Lokasi dan topografi
Kampung ini secara administratif berada di wilayah Desa Neglasari, Kecamatan Salawu, Kabupaten Tasikmalaya, Provinsi Jawa Barat. Lokasi Kampung Naga tidak jauh dari jalan raya yang menghubungkan kota Garut dengan kota Tasikmalaya. Kampung
ini berada di lembah yang subur, dengan batas wilayah, di sebelah Barat
Kampung Naga dibatasi oleh hutan keramat karena di dalam hutan tersebut
terdapat makam leluhur masyarakat Kampung Naga. Di sebelah selatan
dibatasi oleh sawah-sawah penduduk, dan di sebelah utara dan timur
dibatasi oleh Ci Wulan (Kali Wulan) yang sumber airnya berasal dari Gunung Cikuray
di daerah Garut. Jarak tempuh dari kota Tasikmalaya ke Kampung Naga
kurang lebih 30 kilometer, sedangkan dari kota Garut jaraknya 26
kilometer. Untuk menuju Kampung Naga dari arah jalan raya
Garut-Tasikmalaya harus menuruni tangga yang sudah di tembok (Sunda : sengked)
sampai ke tepi sungai Ciwulan dengan kemiringan sekitar 45 derajat
dengan jarak kira-kira 500 meter. Kemudian melaluai jalan setapak
menyusuri sungai Ciwulan sampai kedalam Kampung Naga.
Menurut data dari Desa Neglasari, bentuk permukaan tanah di Kampung
Naga berupa perbukitan dengan produktivitas tanah bisa dikatakan subur.
Luas tanah Kampung Naga yang ada seluas satu hektar setengah, sebagian
besar digunakan untuk perumahan, pekarangan, kolam, dan selebihnya
digunakan untuk pertanian sawah yang dipanen satu tahun dua kali.

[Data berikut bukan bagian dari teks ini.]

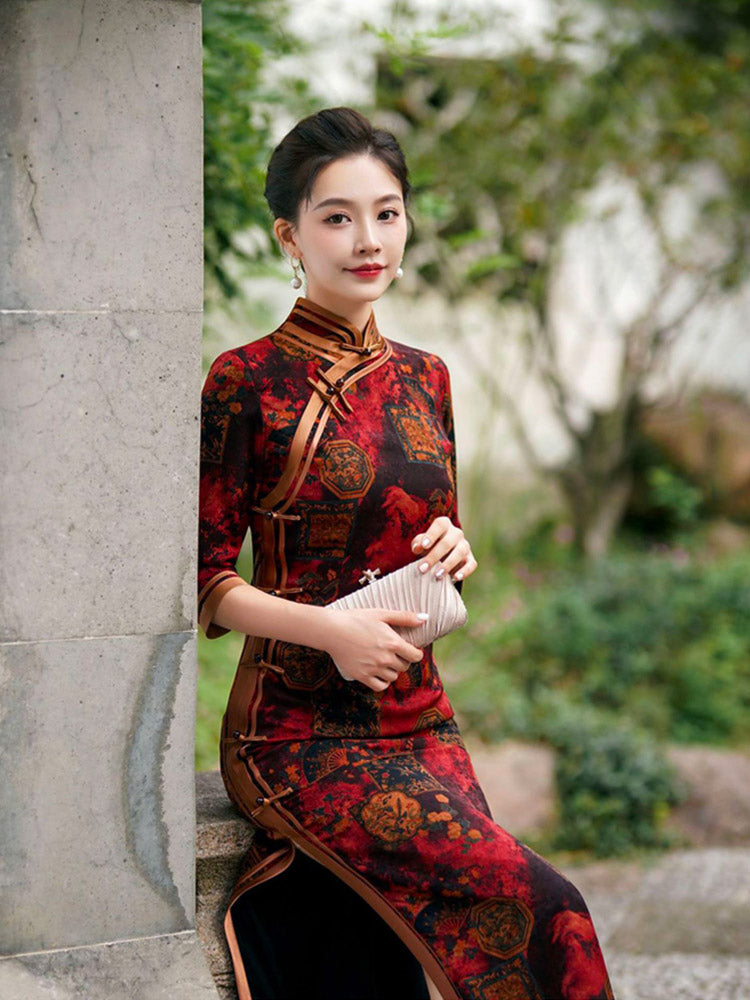 Chinese Style Classic Festive Vintage Red Cheongsam Dress with Floral Print for Women-03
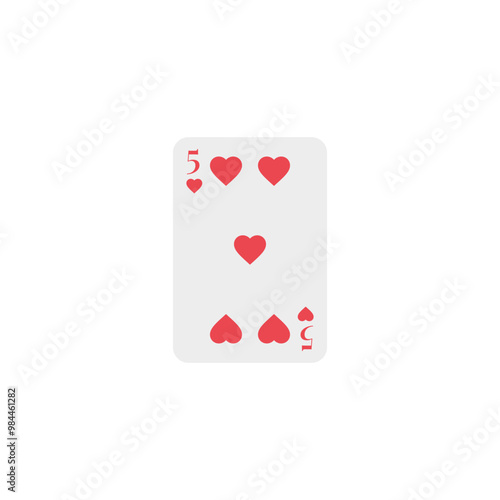 Hearts 5, playing card, vector design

Religi dan sistem pengetahuan
Penduduk Kampung Naga semuanya mengaku beragama Islam, akan tetapi sebagaimana masyarakat adat lainnya mereka juga sangat taat memegang adat-istiadat dan kepercayaan nenek moyangnya. Artinya, walaupun mereka menyatakan memeluk agama Islam, syariat Islam yang mereka jalankan agak berbeda dengan pemeluk agama Islam lainnya. Bagi masyarakat Kampung Naga dalam menjalankan agamanya sangat patuh pada warisan nenek moyang. Umpanya sembahyang lima waktu: Subuh, Duhur, Asyar, Mahrib, dan salat Isa, hanya dilakukan pada hari Jumat. Pada hari-hari lain mereka tidak melaksanakan sembahyang lima waktu. Pengajaran mengaji bagi anak-anak di Kampung Naga dilaksanakan pada malam Senin dan malam Kamis, sedangkan pengajian bagi orang tua dilaksanakan pada malam Jumat. Dalam menunaikan rukun Islam yang kelima atau ibadah Haji, mereka beranggapan tidak perlu jauh-jauh pergi ke Tanah Suci Mekkah, namun cukup dengan menjalankan upacara Hajat Sasih yang waktunya bertepatan dengan Hari Raya Haji yaitu setiap tanggal 10 Rayagung (Dzulhijjah). Upacara Hajat Sasih ini menurut kepercayaan masyarakat Kampung Naga sama dengan Hari Raya Idul Adha dan Hari Raya Idul Fitri.
Menurut kepercayaan masyarakat Kampung Naga, dengan menjalankan
adat-istiadat warisan nenek moyang berarti menghormati para leluhur
atau karuhun. Segala sesuatu yang datangnya bukan dari ajaran karuhun
Kampung Naga, dan sesuatu yang tidak dilakukan karuhunnya dianggap
sesuatu yang tabu. Apabila hal-hal tersebut dilakukan oleh masyarakat
Kampung Naga berarti melanggar adat, tidak menghormati karuhun, hal ini pasti akan menimbulkan malapetaka.
Kepercayaan masyarakat Kampung Naga kepada mahluk halus masih dipegang kuat. Percaya adanya jurig cai, yaitu mahluk halus yang menempati air atau sungai terutama bagian sungai yang dalam ("leuwi"). Kemudian "ririwa" yaitu mahluk halus yang senang mengganggu atau menakut-nakuti manusia pada malam hari, ada pula yang disebut "kunti anak"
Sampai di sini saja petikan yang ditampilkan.